# Calculating Aa% For Homegrown Hops



## jasonharley (5/4/11)

Greetings

How do you calculate AA% for homegrown hops?

I am keen to 'grow my own' but concerned about overdoing the hops in a brew. Also I live in Brisbane ... what is the best hops to get that will grow locally ?

Cheers

5 eyes


----------



## raven19 (6/4/11)

I prefer to use my home grown hops later in the boil (with known AA hops at 60mins) - hence if the AA is out by a fair degree it wont ruin a good beer.

In saying that, you can aim for a mid point AA of whichever hop type you have.

A quick goodgle search found this:
Generic Hop Info linky

So for Chinook, you could estimate it at around 13%AA, however I tend to go on the lower side.

Also depends on when you picked your hops (I manage to pick mine too early this season!)


----------



## KillerRx4 (6/4/11)

raven19 said:


> In saying that, you can aim for a mid point AA of whichever hop type you have.
> 
> A quick goodgle search found this:
> Generic Hop Info linky
> ...



This is it. 
Use the mid point of the known AA range of the variety & assess/adjust based on results of the finished beer.


----------



## big78sam (7/4/11)

smurto estimates 9% for Adelaide hills grown chinook. 

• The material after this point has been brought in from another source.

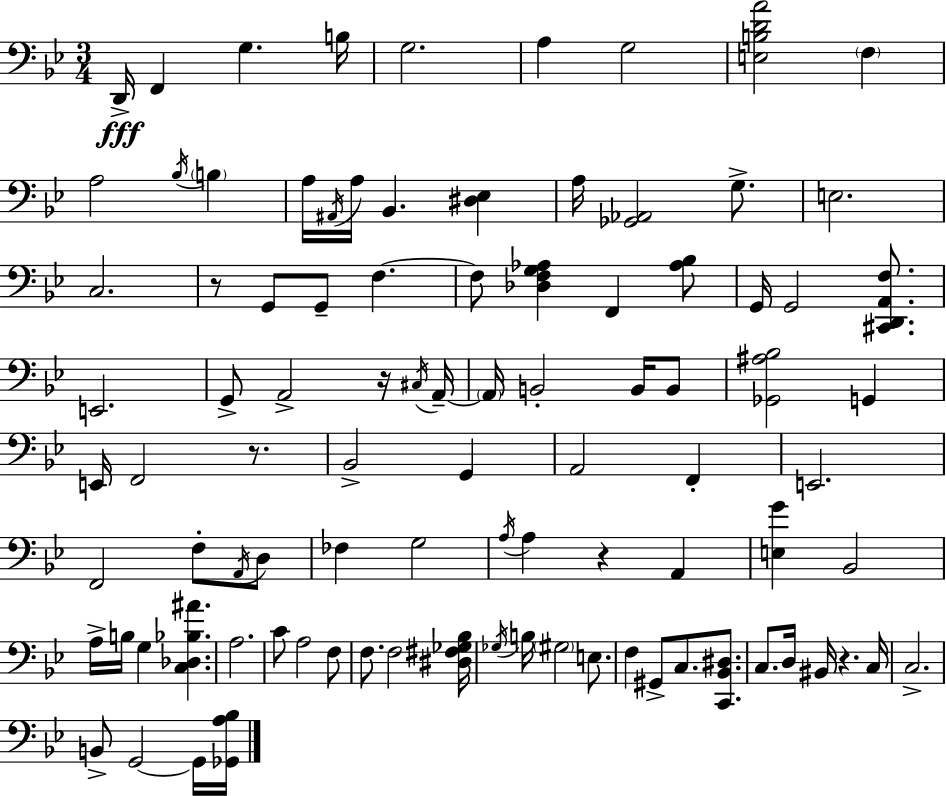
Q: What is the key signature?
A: BES major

I did a 10min IPA no-chilled, with melbourne grown chinook only in the cube and I allowed the cube hops as a 12 minute addition and there was virtually no bitterness in the brew. I would definitely estimate on the low side and I agree, your bittering should be with a known AA hop.


----------



## Malted (7/4/11)

big78sam said:


> I agree, your bittering should be with a known AA hop.




Where's the challenge in that?
As gets said over here a fair bit, "add more hops"... next time.


----------